__Exercise prompt__: Set down nothing but the lines from the one containing "Broche Cangrejo Azul - Image 2" to the final line of the material, exactly as written, and drop the pictures.

__Available data__:
══════
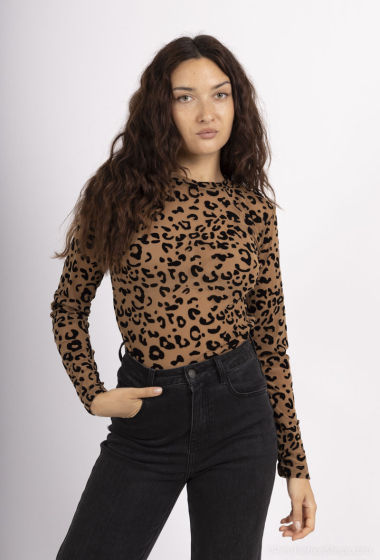 Wholesaler Jolio & Co - Leopard print bodysuit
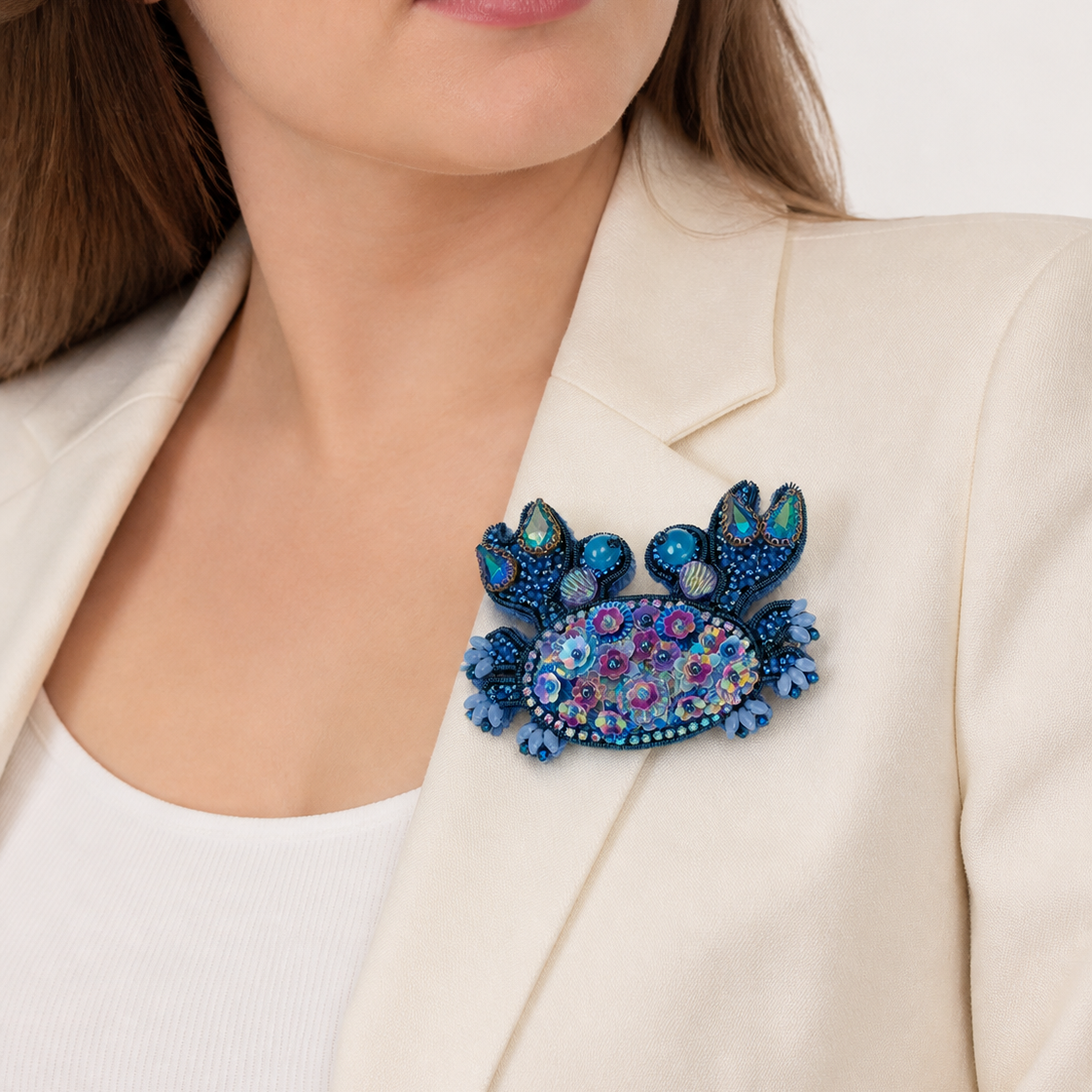 Broche Cangrejo Azul - Image 2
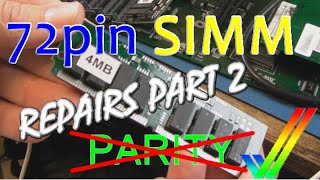 Commodore Amiga 72 pin SIMM Repair Part 2 & Parity Removal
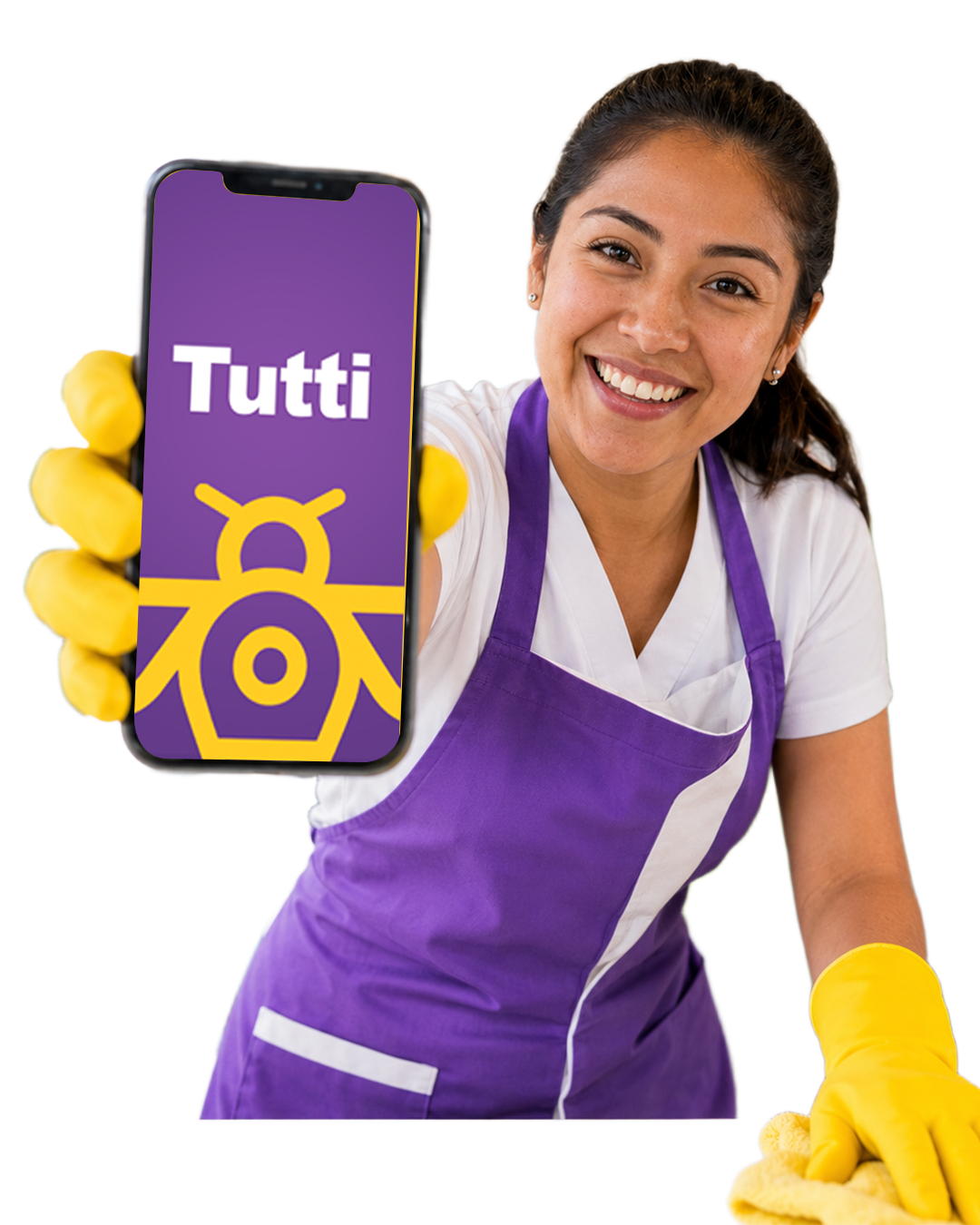 Partner de Tutti mostrando la app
══════
__Answer to this task__:
 Broche Cangrejo Azul - Image 2
 Commodore Amiga 72 pin SIMM Repair Part 2 & Parity Removal
 Partner de Tutti mostrando la app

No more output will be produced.